Excerpts from a dataset
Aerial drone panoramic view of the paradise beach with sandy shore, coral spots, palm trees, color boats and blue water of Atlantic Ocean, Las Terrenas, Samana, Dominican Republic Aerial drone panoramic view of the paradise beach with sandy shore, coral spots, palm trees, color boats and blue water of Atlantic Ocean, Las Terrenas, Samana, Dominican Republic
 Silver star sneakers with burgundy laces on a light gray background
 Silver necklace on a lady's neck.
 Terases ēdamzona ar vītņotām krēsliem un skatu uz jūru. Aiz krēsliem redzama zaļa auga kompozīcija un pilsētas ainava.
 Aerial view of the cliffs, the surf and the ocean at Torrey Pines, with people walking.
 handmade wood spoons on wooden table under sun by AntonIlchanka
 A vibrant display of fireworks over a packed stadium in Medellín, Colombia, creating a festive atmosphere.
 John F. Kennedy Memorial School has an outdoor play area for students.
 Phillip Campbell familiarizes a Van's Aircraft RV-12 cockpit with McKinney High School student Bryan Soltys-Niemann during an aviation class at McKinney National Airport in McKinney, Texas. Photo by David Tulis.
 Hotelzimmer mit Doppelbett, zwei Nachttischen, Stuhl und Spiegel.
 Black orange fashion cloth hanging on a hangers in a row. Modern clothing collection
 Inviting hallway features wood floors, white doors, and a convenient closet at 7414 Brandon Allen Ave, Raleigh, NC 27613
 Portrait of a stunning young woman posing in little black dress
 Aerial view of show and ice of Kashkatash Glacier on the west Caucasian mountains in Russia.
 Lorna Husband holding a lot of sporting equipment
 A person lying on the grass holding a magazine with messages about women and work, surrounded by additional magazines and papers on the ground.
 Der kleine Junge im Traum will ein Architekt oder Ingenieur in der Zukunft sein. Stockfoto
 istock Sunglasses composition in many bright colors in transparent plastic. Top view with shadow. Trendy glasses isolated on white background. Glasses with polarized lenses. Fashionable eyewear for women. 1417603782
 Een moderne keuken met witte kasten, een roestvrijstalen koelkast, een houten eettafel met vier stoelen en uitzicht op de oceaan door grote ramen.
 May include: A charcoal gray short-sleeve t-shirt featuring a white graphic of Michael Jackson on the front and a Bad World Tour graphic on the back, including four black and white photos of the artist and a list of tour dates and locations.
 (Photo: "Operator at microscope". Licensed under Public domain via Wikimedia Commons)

[Exercise] Please return the data above exactly as given.

[Result]
Aerial drone panoramic view of the paradise beach with sandy shore, coral spots, palm trees, color boats and blue water of Atlantic Ocean, Las Terrenas, Samana, Dominican Republic Aerial drone panoramic view of the paradise beach with sandy shore, coral spots, palm trees, color boats and blue water of Atlantic Ocean, Las Terrenas, Samana, Dominican Republic
 Silver star sneakers with burgundy laces on a light gray background
 Silver necklace on a lady's neck.
 Terases ēdamzona ar vītņotām krēsliem un skatu uz jūru. Aiz krēsliem redzama zaļa auga kompozīcija un pilsētas ainava.
 Aerial view of the cliffs, the surf and the ocean at Torrey Pines, with people walking.
 handmade wood spoons on wooden table under sun by AntonIlchanka
 A vibrant display of fireworks over a packed stadium in Medellín, Colombia, creating a festive atmosphere.
 John F. Kennedy Memorial School has an outdoor play area for students.
 Phillip Campbell familiarizes a Van's Aircraft RV-12 cockpit with McKinney High School student Bryan Soltys-Niemann during an aviation class at McKinney National Airport in McKinney, Texas. Photo by David Tulis.
 Hotelzimmer mit Doppelbett, zwei Nachttischen, Stuhl und Spiegel.
 Black orange fashion cloth hanging on a hangers in a row. Modern clothing collection
 Inviting hallway features wood floors, white doors, and a convenient closet at 7414 Brandon Allen Ave, Raleigh, NC 27613
 Portrait of a stunning young woman posing in little black dress
 Aerial view of show and ice of Kashkatash Glacier on the west Caucasian mountains in Russia.
 Lorna Husband holding a lot of sporting equipment
 A person lying on the grass holding a magazine with messages about women and work, surrounded by additional magazines and papers on the ground.
 Der kleine Junge im Traum will ein Architekt oder Ingenieur in der Zukunft sein. Stockfoto
 istock Sunglasses composition in many bright colors in transparent plastic. Top view with shadow. Trendy glasses isolated on white background. Glasses with polarized lenses. Fashionable eyewear for women. 1417603782
 Een moderne keuken met witte kasten, een roestvrijstalen koelkast, een houten eettafel met vier stoelen en uitzicht op de oceaan door grote ramen.
 May include: A charcoal gray short-sleeve t-shirt featuring a white graphic of Michael Jackson on the front and a Bad World Tour graphic on the back, including four black and white photos of the artist and a list of tour dates and locations.
 (Photo: "Operator at microscope". Licensed under Public domain via Wikimedia Commons)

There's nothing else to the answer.